Chegg, a homework help app, exposed the data of 40 million users, including details about some students’ sexual orientation and religion, regulators said in a legal complaint.
The Federal Trade Commission on Monday cracked down on Chegg, an education technology firm based in Santa Clara, Calif., saying the company’s “careless” approach to cybersecurity had exposed the personal details of tens of millions of users.
In a legal complaint, filed on Monday morning, regulators accused Chegg of numerous data security lapses dating to 2017. Among other problems, the agency said, Chegg had issued root login credentials, essentially an all-access pass to certain databases, to multiple employees and outside contractors. Those credentials enabled many people to look at user account data, which the company kept on Amazon Web Services’ online storage system.
As a result, the agency said, a former Chegg contractor was able to use company-issued credentials to steal the names, email addresses and passwords of about 40 million users in 2018. In certain cases, sensitive details on students’ religion, sexual orientation, disabilities and parents’ income were also taken. Some of the data was later found for sale online.
Chegg’s popular homework help app is used regularly by millions of high school and college students. To settle the F.T.C.’s charges, the agency said Chegg had agreed to adopt a comprehensive data security program.
Chegg could not immediately be reached for comment.
The F.T.C.’s enforcement action against Chegg, a prominent industry player, amounts to a warning to the U.S. education technology industry.
Since the early days of the pandemic in 2020, the education technology sector has enjoyed a surge in customers and revenue. To enable remote learning, many schools and universities rushed to adopt digital tools like exam-proctoring software, course management platforms and video meeting systems.

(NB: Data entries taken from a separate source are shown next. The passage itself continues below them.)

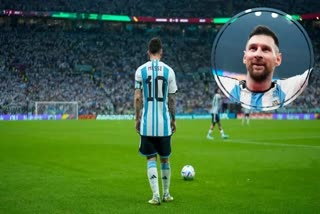 Qatar final to be Messi's last FIFA World Cup game, confirms Argentine star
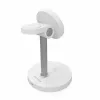 Belaidis kroviklis Aisens USB-C 3IN1 15WACCS Balta 15 W 50 W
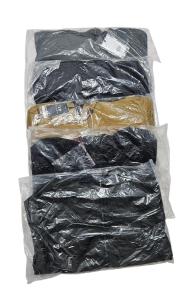 Rompevientos Doble Cara para Hombre Yd  Importados - Miniatura 3
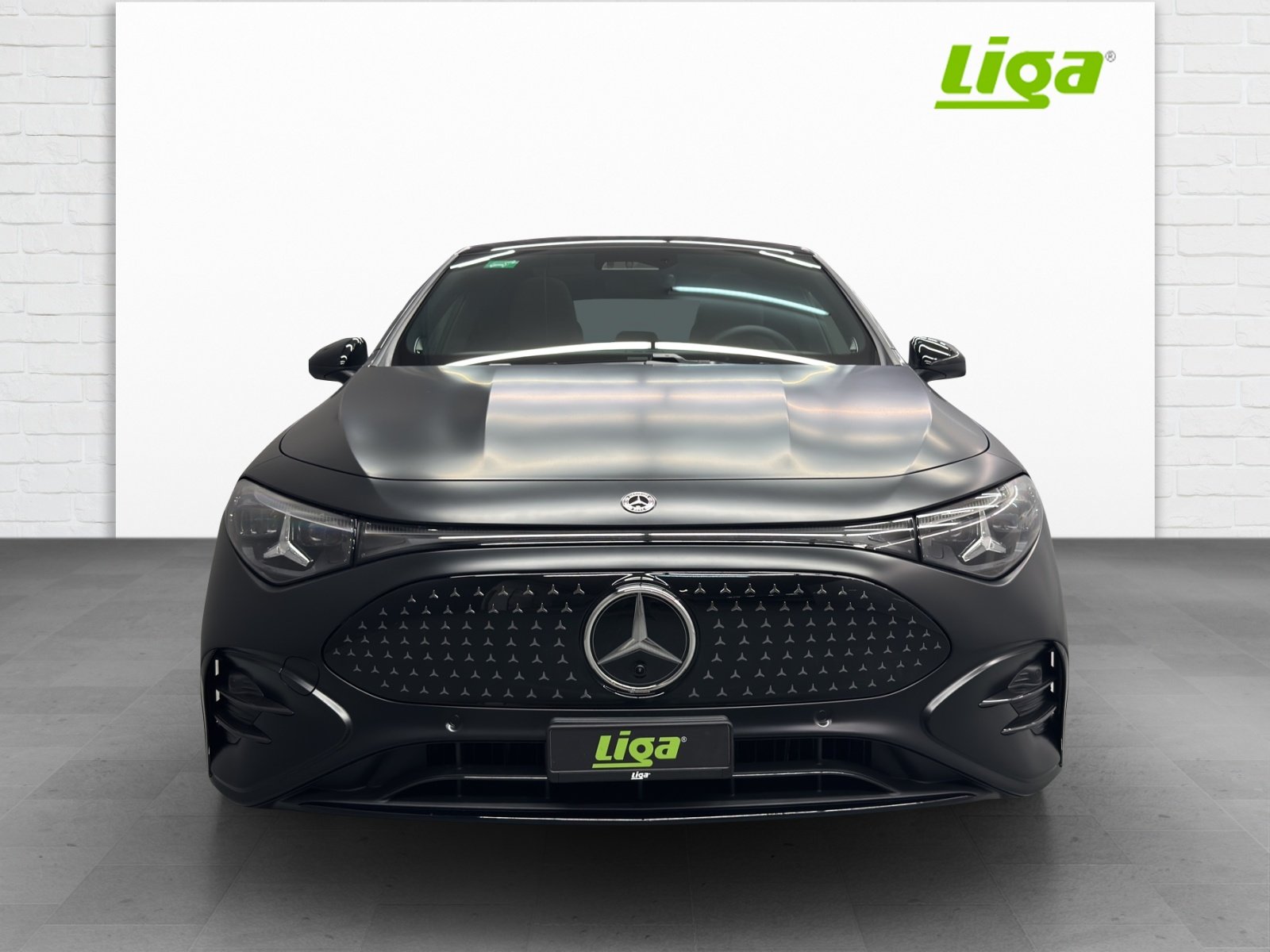 MERCEDES-BENZ CLA 350 AMG Line 4Matic EQ Technology, Elektro, Neuwagen, Automatik - 2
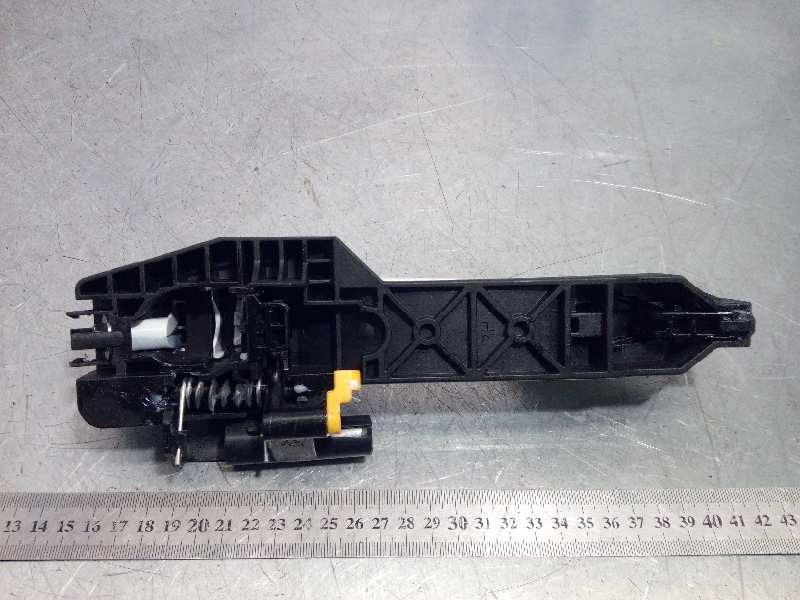 Recambio de maneta exterior delantera derecha para hyundai i20 active 1.0 tgdi cat referencia OEM IAM NOREF  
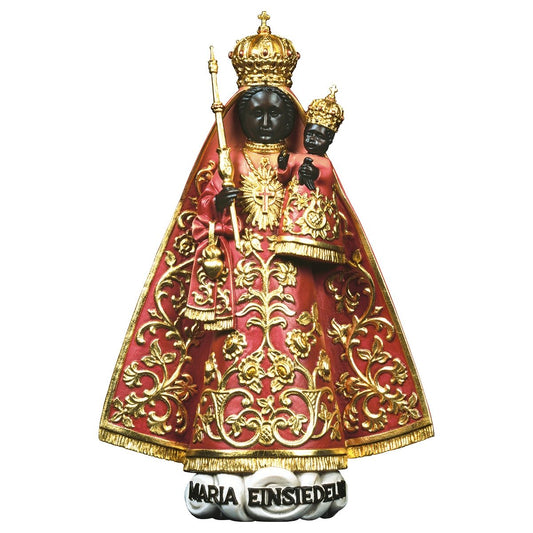 Our Lady of Einsiedeln | Multiple Sizes & Colors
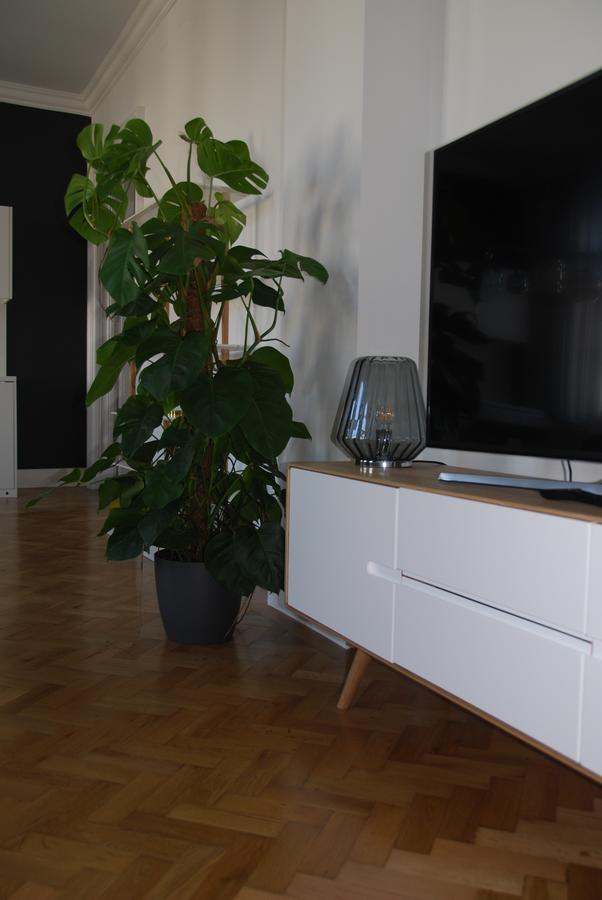 Apartment My In - Smart - Margareten *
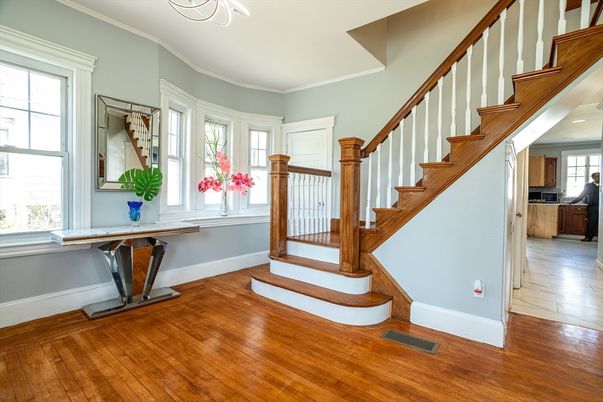 Interior, Wood Texture Flooring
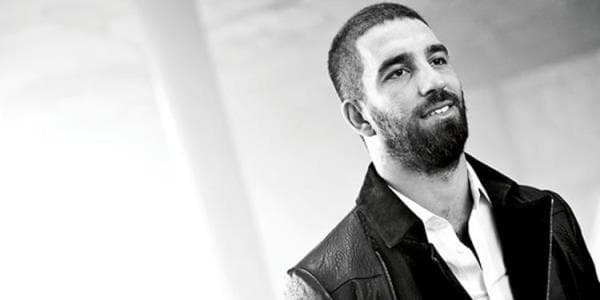 Arda Turan və daha 3 məşhur futbolçuya FETÖ ittihamı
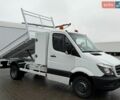 Мерседес Sprinter, объемом двигателя 2.5 л и пробегом 280 тыс. км за 20100 $, фото 13 на Automoto.ua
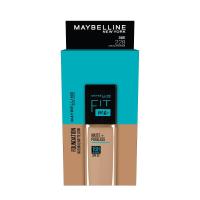 ราคา MAYBELLINE - ฟิตมี แมท ฟาวเดชั่น 5 มล. 228 P6 MAYBELLINE (52385622)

Students and their families, too, turned in droves to online tutoring services and study aids like math apps. Among them, Chegg, which had a market cap of nearly $2.9 billion on Monday morning, reported annual revenues of $776 million for 2021, an increase of 20 percent from the previous year.
Some online learning systems proved so useful that many students, and their educational institutions, continued to use the tools even after schools and colleges returned to in-person teaching.
But the fast growth of digital learning tools during the pandemic also exposed widespread flaws.
Many online education services record, store and analyze a trove of data on students’ every keystroke, swipe and click — information that can include sensitive details on children’s learning challenges or precise locations. Privacy and security experts have warned that such escalating surveillance may benefit companies more than students.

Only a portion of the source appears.